Discounted Sale of Minority Interest in Property Not a Mutual Mistake

July 19, 2013 | Roger McEowen

A mutual mistake in the formation of a contract is a material mistake of belief not in accord with the facts that exists at the time the parties formed the contract. Generally, a mutual mistake will allow the party adversely affected by the mistake to void the contract unless the party is the one who bears the risk of the mistake such as through allocation in the agreement or the party knows it has limited knowledge. The existence of a mutual mistake must be proven by clear, satisfactory, and convincing evidence.

In this case, a grandson was given a one-fifth undivided interest in his maternal grandparents’ 80 acre parcel, which included the grandparents’ residence, building, timber, and crop land. The grandson’s siblings were the other four tenants in common. The grandson and his siblings had been raised by these grandparents after their mother died in a traffic accident. Although the grandparents did not legally record a life estate in the property, the family understood that it was intended.

The grandson had a history of substance abuse and lived a bit of an itinerant lifestyle. In 2010, he was broke and unemployed. He offered to sell his one-fifth interest to his paternal uncle. At the time, the grandson was “sober” and “looked pretty good.” The uncle met with the grandson a couple times before purchasing the interest. One time the uncle tried to talk the grandson out of selling his interest. Another time, the uncle offered to trade a house for the real estate. Instead, the grandson viewed the property as an asset, but did not derive any income from it and wanted to sell it. He also did not want to be tied down with the house offered by the uncle.

The grandson set a price of $750 an acre. The sale was discussed several times over several days before reaching an agreement. Also, they spoke to the grandson’s family members to tell them the uncle was thinking about buying the land. No family member objected except one who wanted to buy the property himself. The grandson, however, was estranged from that uncle and refused to sell the property to him.

A deed was drafted by the uncle’s attorney and the grandson went to the attorney’s office to sign the deed and convey the property. The grandson was sober and knew about the land and what he was doing.

Shortly after the conveyance, the grandson’s brother filed a petition for conservatorship of the grandson and alleged the grandson’s decision-making capacity was significantly impaired. Co-conservators were assigned by the district court for the grandson. The Co-conservators brought the current suit to set aside the sale to the uncle.

After trial, the court held that there were no mental deficiencies in the record, that there was no undue influence by the uncle or fraudulent misrepresentations made by the uncle, nor was there any influence of drugs or a lack of mental capacity at the time of the conveyance to overturn the sale. The court concluded, however, that there was a mutual mistake on the part of the grandson and the uncle that the grandson’s minority interest warranted a discounted value so the conveyance should be rescinded. The uncle appealed.

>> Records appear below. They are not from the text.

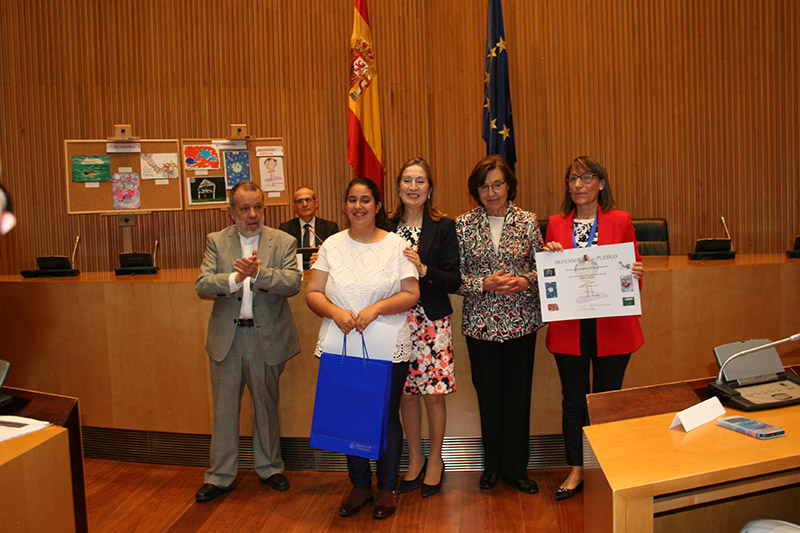 Una de las ganadoras recoge su premio durante la Entrega de Premios de la XVI Edición del Concurso Escolar de Dibujos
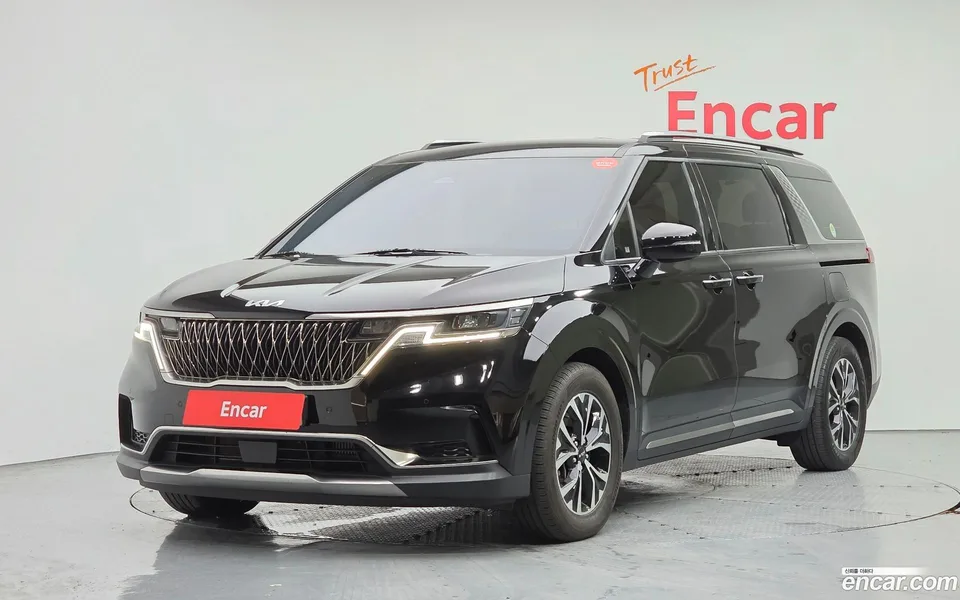 Kia Carnival 9 2023 — photo 1, buy with delivery to Moscow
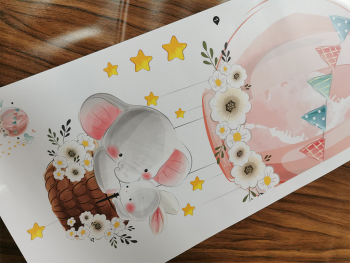 Sticker cameră bebe, Balon roz printre steluţe, racletă de aplicare inclusă. sticker-camera-bebe-balon-roz-printre-stelute-4054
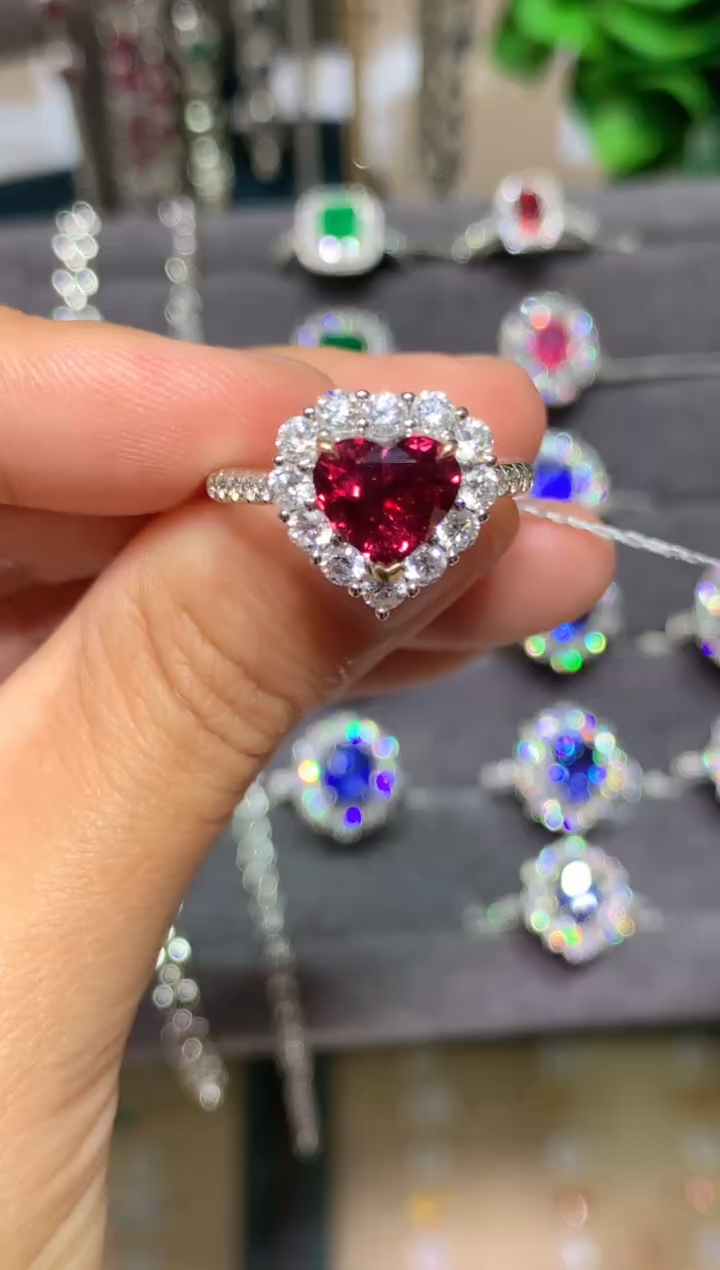 18K金镶嵌戒指红宝石2.19CT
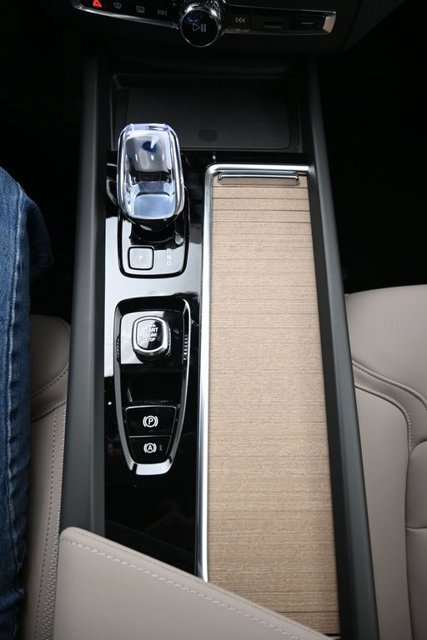 New 2026 Volvo XC60 B5 Plus w/ Protection Package Premier AWD/4WD image 11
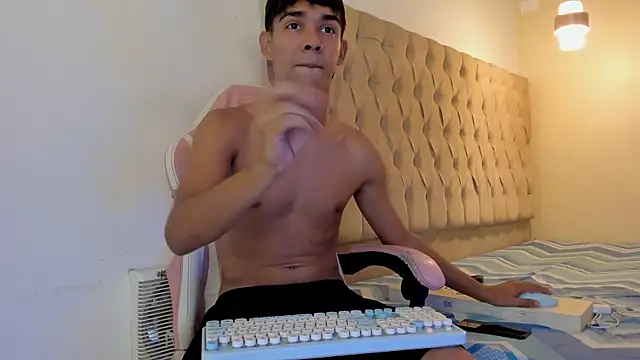 Snapshot of Samir_19XX chatting on July 6, 2026, 7:38 pm Samir 19XX online show from July 6, 2026, 7:38 pm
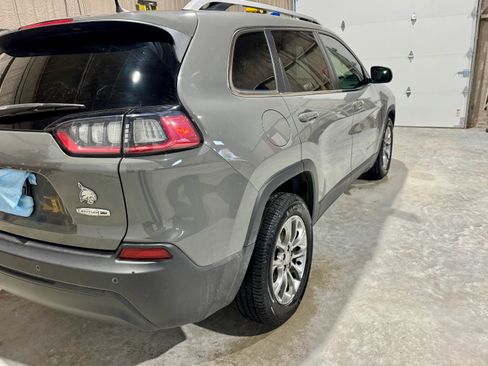 Used 2020 Jeep Cherokee Latitude Plus image 6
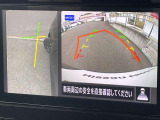 サイドブラインドモニターは「死角」となる左フロントタイヤ周りを映すので幅寄せや狭い道での運転に役立ちます!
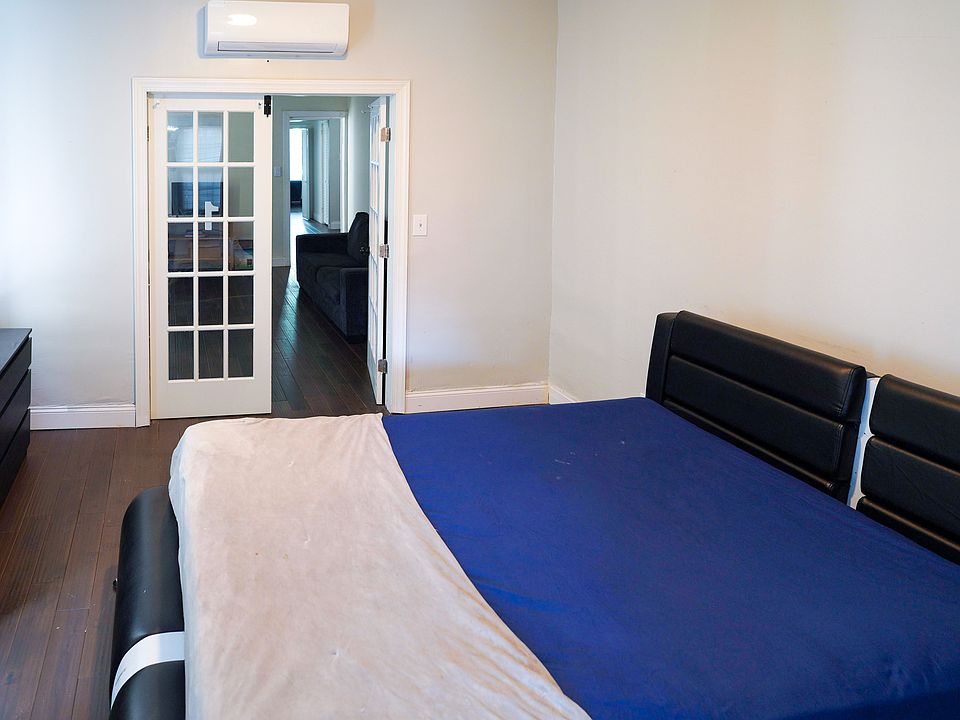 Largest room with walk in closet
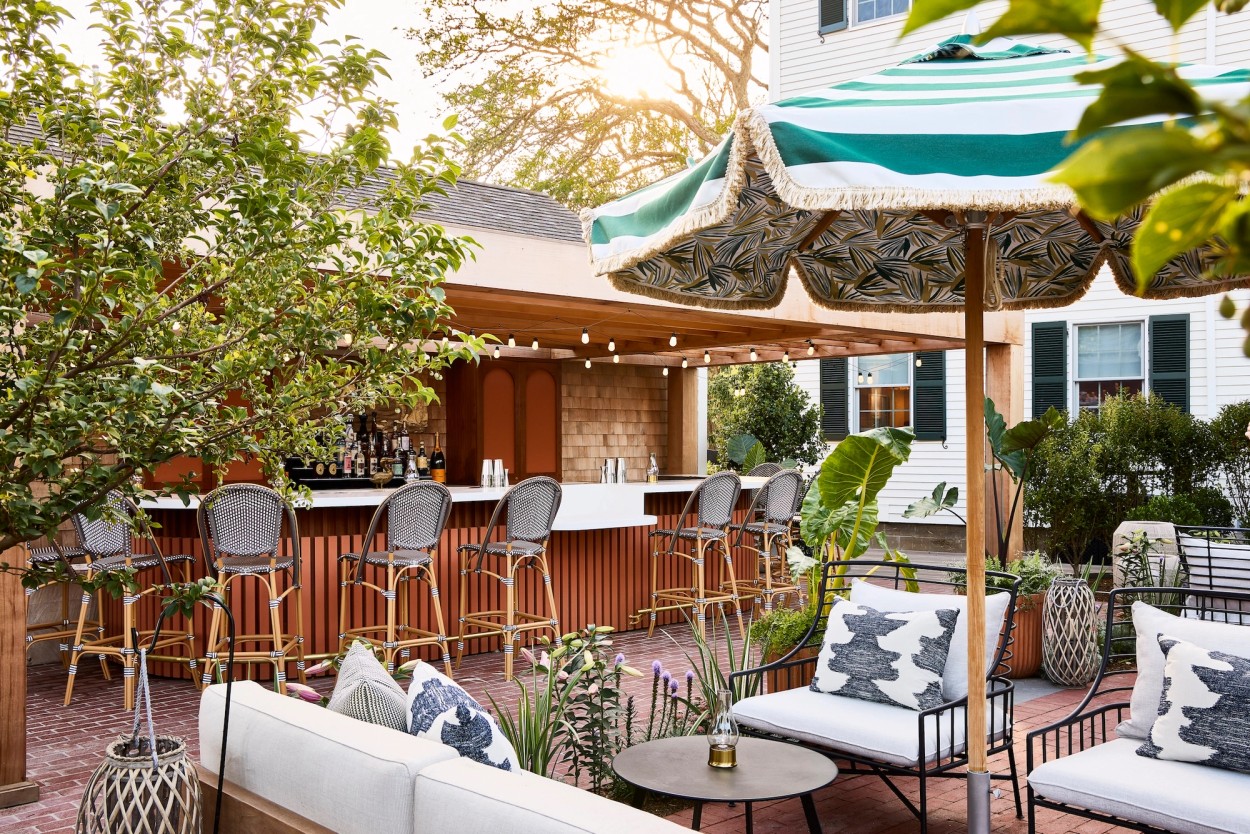 Miroslava-Land-and-Design-Nantucket-Landscape-Architecture-Faraway-Martha's-Vineyard-Outdoor-Bar-Patio-Setting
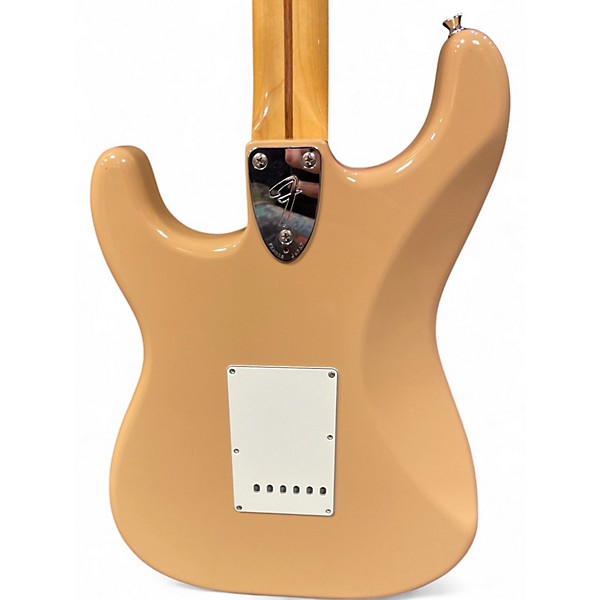 Used 2023 Fender Stratocaster Limited International Color Edition Sahara Taupe Solid Body Electric Guitar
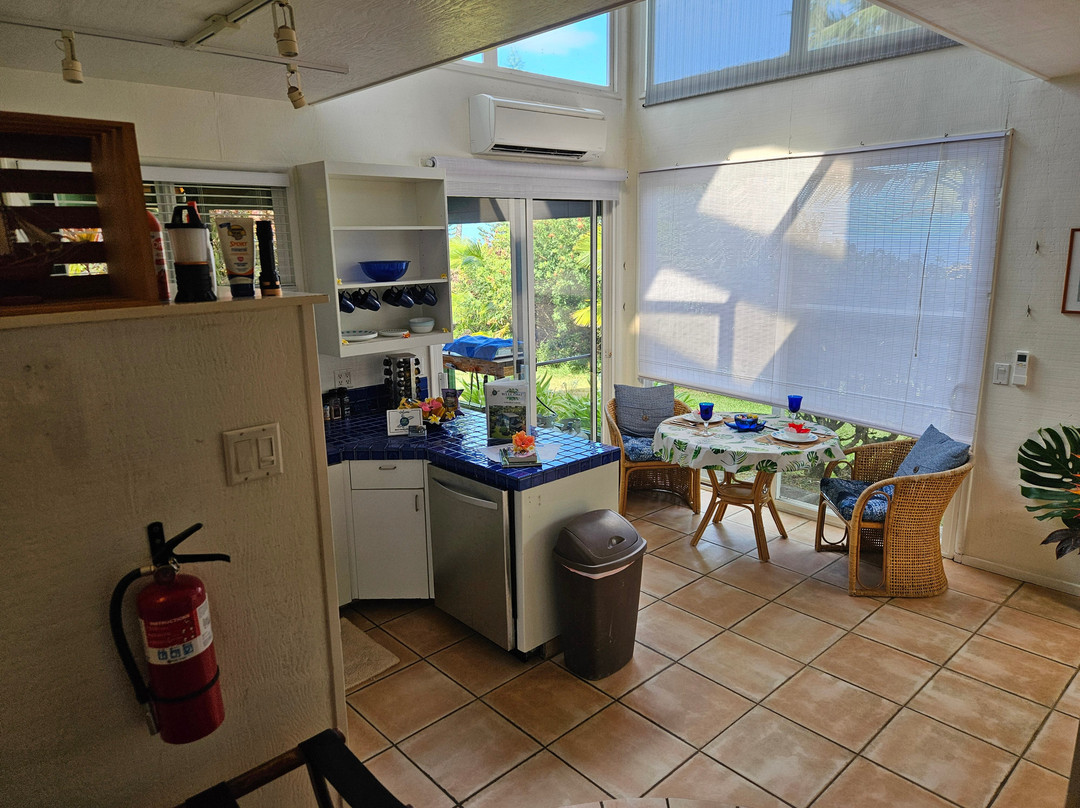 Huelo Pt Lookout Bed and Breakfast Maui主图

On appeal, the court reversed. It held that the assumption that the grandson’s minority interest warranted a discount in the value of the real estate was an assumption that established a mistake. Evidence was presented by a real estate broker that a parcel held by five persons as tenants in common would be discounted due to the fact four other people were involved in the management of the land. The court also noted that a lack of marketability may warrant a discount and the fact that the grandparents continued to live on the land rent free could also contribute to the issue. Based on these facts, the court held that clear and convincing evidence did not support a finding that there was a mistake in discounting the value of the property because some discount was warranted.

The appellate court also held that a mistake as to whether a partition action was available did not warrant a rescission. The court also noted that even if the purchase price was less than market-value, that fact did not indicate a mistake because the grandson and the uncle could agree to whatever purchase price they chose. The evidence showed there were familial strains, the grandson did not want the land and did not see any benefit to owning it, and he wanted to sell the land and sever ties with that side of his family. The court noted that the plaintiff’s belief that the price was not fair and that the grandson made a bad decision does not rise to the level of a mistake entitling a person to avoid legal obligations.

The court also agreed that no evidence suggested that the grandson lacked mental capacity to convey the property at the time the deed was signed.  Stegen v. Hanson, No. 3-557/12-1980, 2013 Iowa App. LEXIS 776 (Iowa Ct. App. Jul. 10, 2013).